# Intuitional Description

Bayesian Model Averaging improves predictions by combining multiple models weighted by their posterior probabilities, acknowledging uncertainty in model selection rather than relying on a single "best" model.

# Graphical Summary

![figure](./cartoons/Bayesian_model_averaging.svg)

# Key Formula

Let’s assume we have a set of models $M_1, M_2, \dots, M_K$ and we want to predict a value for a new observation $y^*$ based on the models. For each model $M_k$, we calculate a prediction, denoted as $\hat{y}^*_k$. 

The **model-averaged prediction** is typically given by the weighted sum of the predictions from each model:

$$
\hat{y}^*_{\text{avg}} = \sum_{k=1}^{K} w_k \hat{y}^*_k
$$

Where:
- $w_k$ is the weight associated with model $M_k$, which reflects how likely or good the model is at describing the data.
- $\hat{y}^*_k$ is the prediction made by model $M_k$ for the new data point.



# Technical Details



## Weights in Model Averaging

The weights $w_k$ can be assigned based on various criteria:
1. **Bayesian Model Averaging (BMA)**: In the Bayesian framework, the weights correspond to the posterior model probabilities, i.e., the probability of each model given the data:

   $$ 
   w_k = P(M_k | D) 
   $$

   Where $P(M_k | D)$ is the posterior probability of model $M_k$ given the observed data $D$.

2. **[Do we want to include AIC and BIC???]**

**Akaike Information Criterion (AIC) or Bayesian Information Criterion (BIC)**: In a frequentist context, the weights are often computed based on the relative likelihood of each model, using information criteria like AIC or BIC. The models with lower AIC/BIC values are considered to be more likely and receive higher weights.

   $$ 
   w_k = \frac{e^{-\frac{1}{2} \Delta \text{AIC}_k}}{\sum_{j=1}^K e^{-\frac{1}{2} \Delta \text{AIC}_j}} 
   $$

   Where $\Delta \text{AIC}_k = \text{AIC}_k - \min(\text{AIC})$, and $\text{AIC}_k$ is the AIC of model $k$.
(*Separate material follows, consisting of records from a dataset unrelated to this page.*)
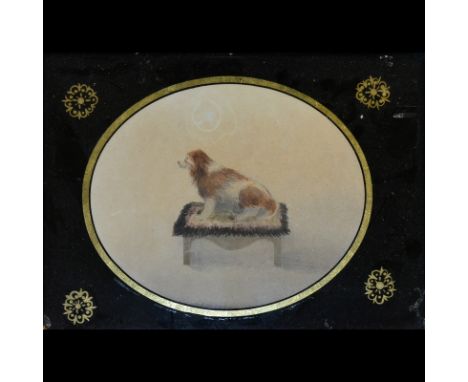 English School,first half 19th Century,Spaniel on a stool,watercolour, oval,11cm x 14cm,in a verre-eglomise mount.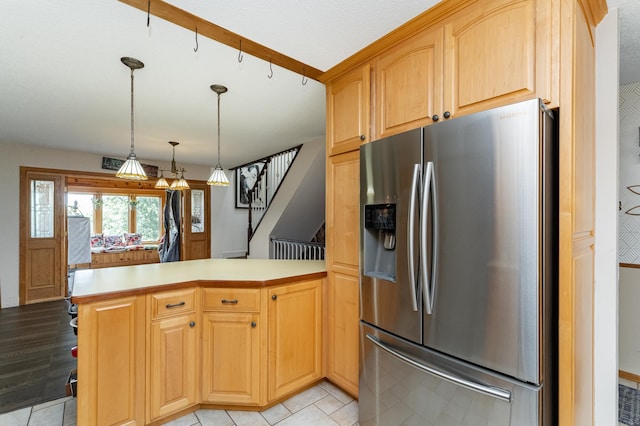 510 24th St SW, Rochester, MN 55902 - kitchen featuring stainless steel fridge with ice dispenser, a peninsula, light countertops, pendant lighting, and light tile patterned floors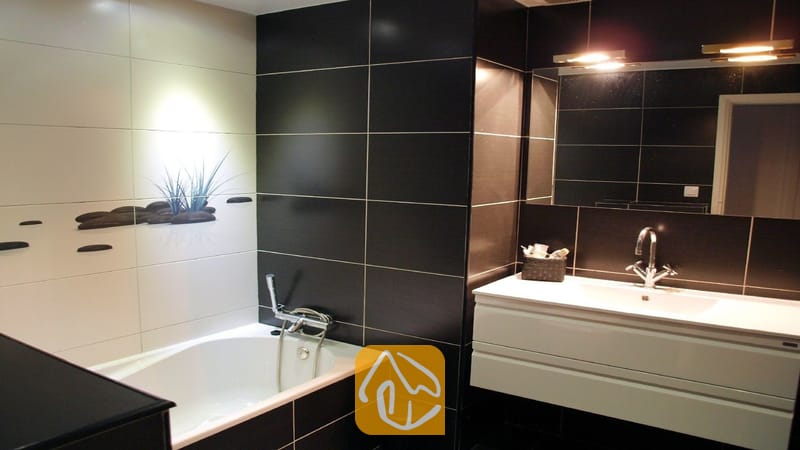 Villas de vacances Costa Brava Espagne - Villa Fransisca - Salle de bains moderne comprenant une baignoire blanche adjacente à un mur orné de carreaux noirs et blancs, un grand miroir et un meuble sous-vasque suspendu de couleur blanche.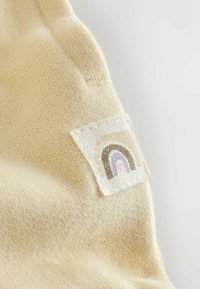 Heled kollane kangas pehme tekstuuriga, millel on tikitud plaastriga kujutatud vikerkaar pruunide, lilla ja kreemjat toonides.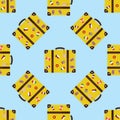 Seamless pattern with retro suitcase. Vintage baggage with stickers,flags and labels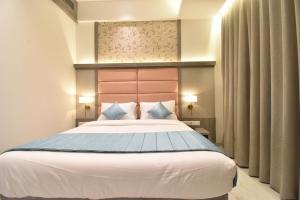 塞恩La Dhalia By Glitz Hotels的卧室配有带蓝色枕头的大型白色床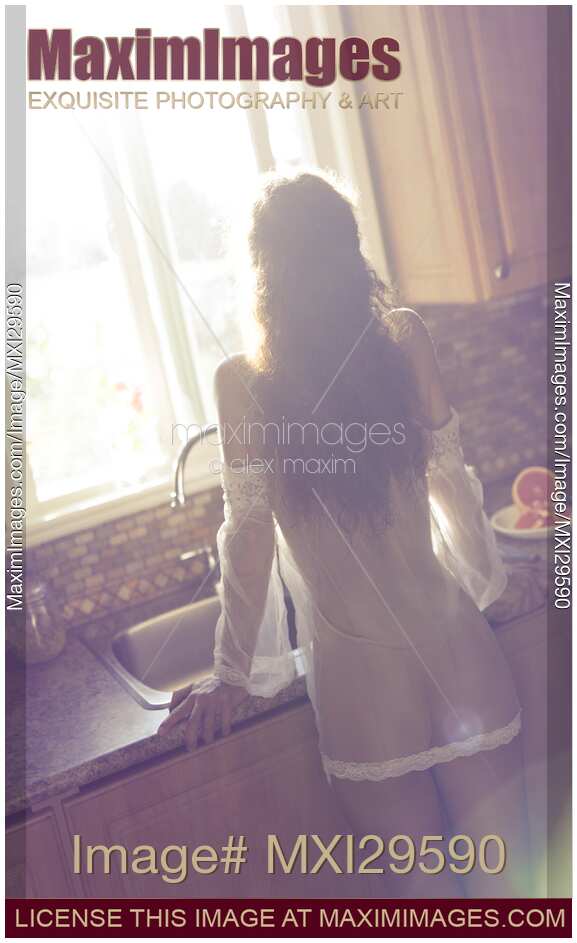 Sexy young woman in sheer night gown standing by a sun lit window in the morning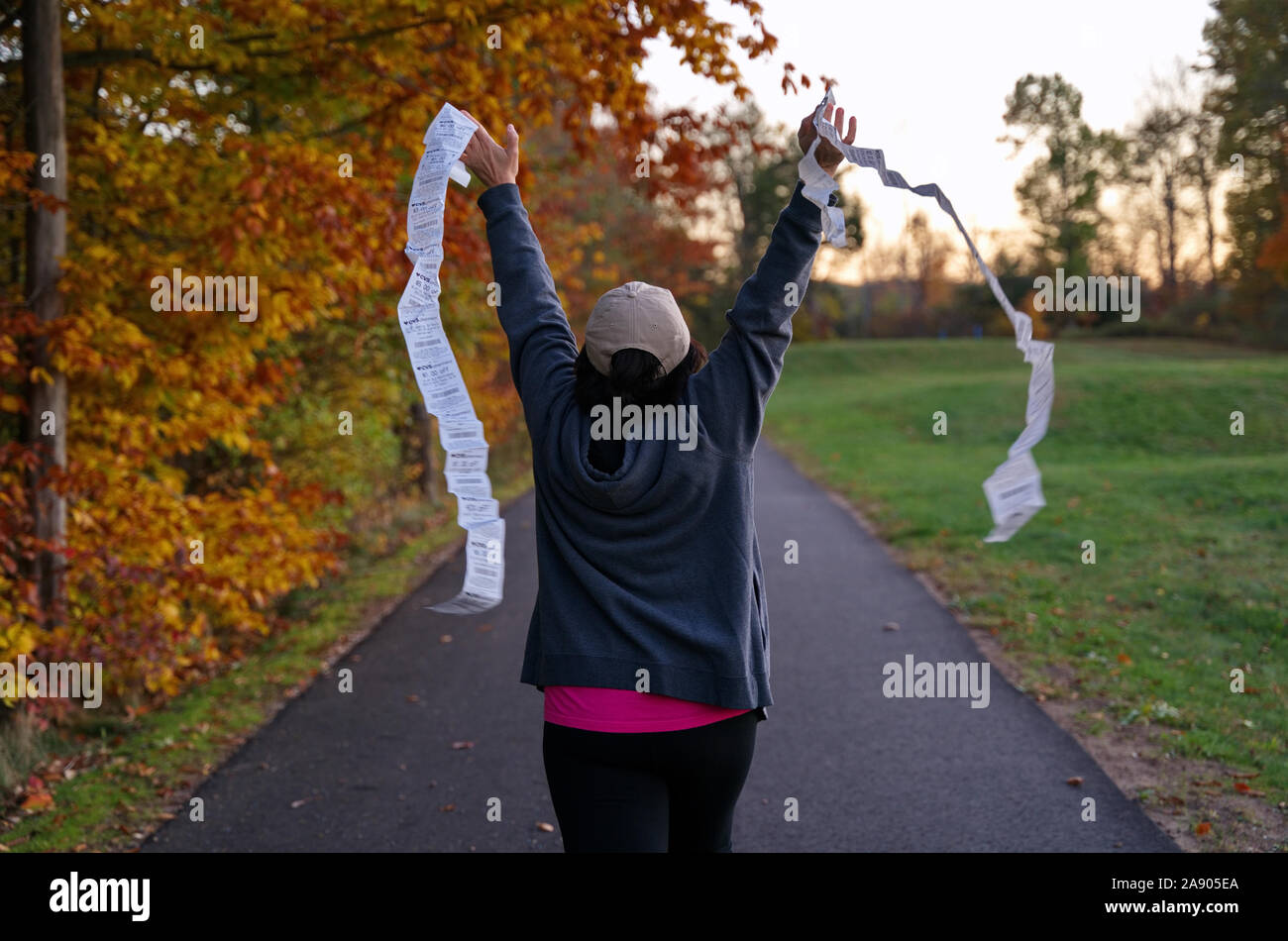 Middletown, CT USA. Oct 2019. Woman rushing from an autumn park waving discount coupons to be used at a local pharmacy store. Stock Photo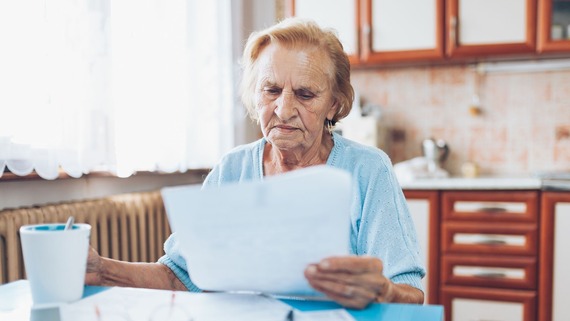 an elderly woman reading her bills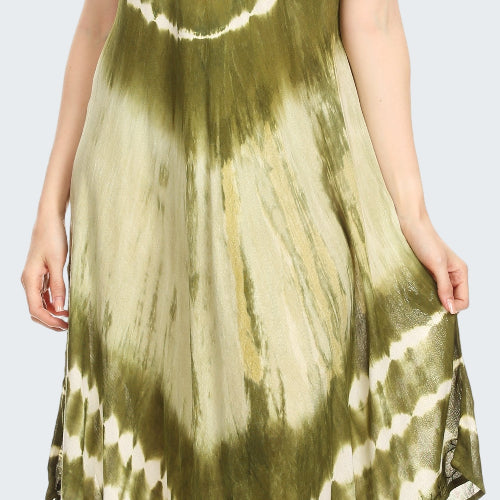 Woman wearing a tie-dye dress with green and white pattern on a plain background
## Why Model Averaging Works



BMA accounts for the uncertainty involved in selecting the model, **preserving the uncertainty about models**.

1. **Reduced Risk of Overfitting**: By averaging over multiple models, we avoid overfitting to any one model. Even if one model fits the training data well but fails to generalize, other models can provide complementary information, reducing the overall risk of overfitting.
  
2. **Improved Accuracy**: If models make different types of errors, combining their predictions can reduce the variance and bias, leading to more accurate predictions.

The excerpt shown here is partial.